A number inscribed, under the auspices of the Joint Photographic Experts Group, using a font that pays homage to a calligraphic tool, #4 says little that will excite any living creatures today. A sum of years and centuries is a rather cold and unapologetic communique from the time of polar icecaps. It is more likely to anger interpreters than to elicit praise. But anger, nevertheless, according to Rage Against The Machine's rap rock philosophy of Freedom, is a gift.
Then #4 depicts the number "42" which isn't even a prime number, though 7 and 3 are of the fairy tales.
Will toadstools speak to the future? Announced as "an HD video," #5 may require extensive forensic efforts to decode from its patent-entangled video format, which likely will have decomposed greatly either from neglect or extinction. Meta-data assertions of mushroom-human partnership may or may not be entertaining to expert systems, informed by mycology and data science.
Are we afraid the machines won't recognize beauty as we do #5? It probably won't be an easy concept to grasp. The layers of human understanding, of non-human understanding, inanimate.
In a project that references past visions of the future, #6 weaves together imaginative literary, mythic, artistic, and academic threads. Despite its ambition to serve as a vessel, its hybrid electronic format already has sprung a DNS_PROBE_FINISHED_NXDOMAIN leak that may be a harbinger of future leaks, brought on by unresolvable claims. Still, if its themes can be perceived at all, they may provide some comfort that humans of past centuries were thinking about unborn perceptual agencies.
The files, the links, rotten truths. Does a message entail a messenger? Possibly zero man. Entry #6 zooms into a cave and the prophecies. It relies on truth I think, that there is a truth, that swipes left or right, future and past. Now I wonder what we mean by truth if removed from immediate surroundings, of predicate logic. Modal truths. We've had a hard time reconciling language and logic the last hundred years. We want to formalize human language and get into trouble. Not even identity seems a sure case. And language, messy in the first place, of unknown origin, inconsistent and vague. Will there be another language instead, a reconciliation from logic to language? And what do we mean by logic? How come we see the rational as universal? Implication also works on Mars. For a hammer everything is a nail?
In anticipation of a fleshless future, #7 provides a bleak journey through the stroboscopic and image-buffered suspension of charcuterie debris, soon to be lost to the mists of time.
Work #7 evokes post-life, i.e. food. Can we live without dead life? Mass-extinction vs. mass-existence. Diversity. Free-roaming extinction. If not a pyramid then a tree.

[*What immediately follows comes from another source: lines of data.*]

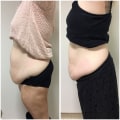 Non Surgical Liposuction: Separating Fact from Fiction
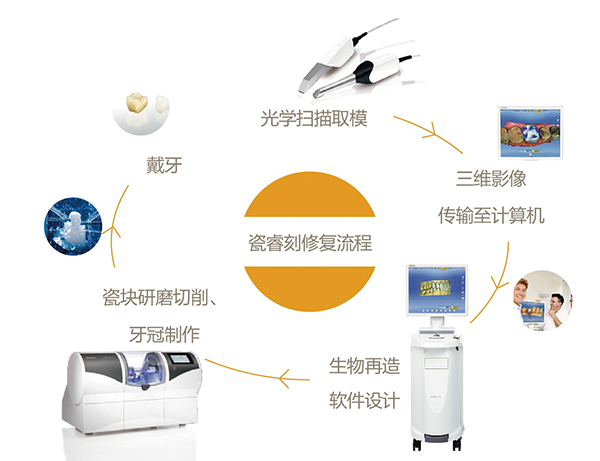 1459905489393046.jpg 瓷睿刻系统.jpg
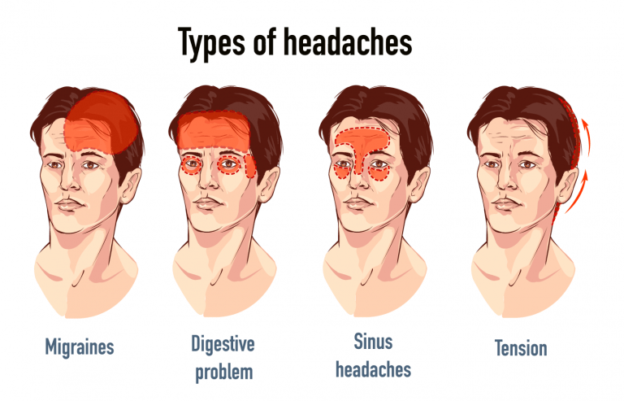 The best Tension headache treatment is at Dr Raos hospital - Dr Rao's ...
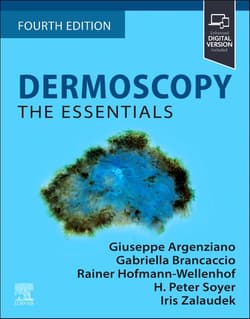 Dermoscopy. The Essentials -  Argenziano Giuseppe, Gabriella Brancaccio,  Hofmann-Wellenhof Rainer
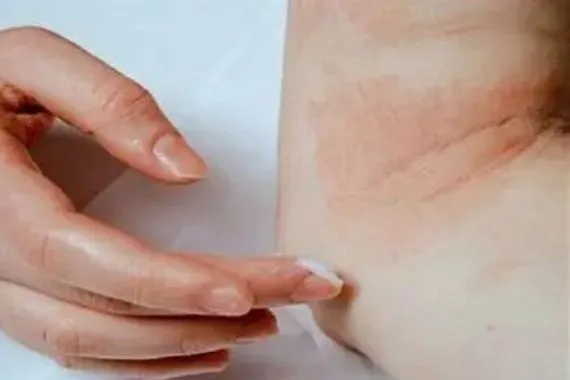 تحيط بنا طوال الوقت تعرف على أخطر مسببات الحساسية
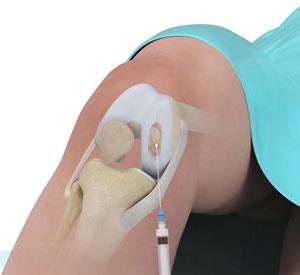 BioCartilage Regeneration pic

Whether seeking to edify or amuse future generations, #8 provides a technical description of a brief script in a computer language, used during the 1980s. A "man" page for a delightful experience in the personal computer age may differ markedly from norms and thresholds of engagement today, but if silent algorithms repeating two pixelated characters can't please a prospective future intelligence, * can go /\/\/ *sel[v|f]*, it seems.
An endless process #8 leading to the castle Gormenghast. Open rooms, closed rooms. Running corridors. Photosynthesis was long a mysterious process. It's eight times the power consumption of human civilization. Titus starts planting trees to find his way.
Without its title, #9 would present a challenge to future philologists, demanding, as it does, either a Rosetta Stone or an appreciation for collections of whizzy signs. The title, however, suggests that the artist has few illusions about the image being exposed to an inhabited planet.
Hmm, #9, what seems obvious and natural to us – to speak, to write – is all a puzzle to outsiders. It's really strange you can read this. And the birth of language? Even the source code of webpages these days are intentionally obfuscated. There is compression, there is compassion. How do we imbue sentiments to letters skeletal.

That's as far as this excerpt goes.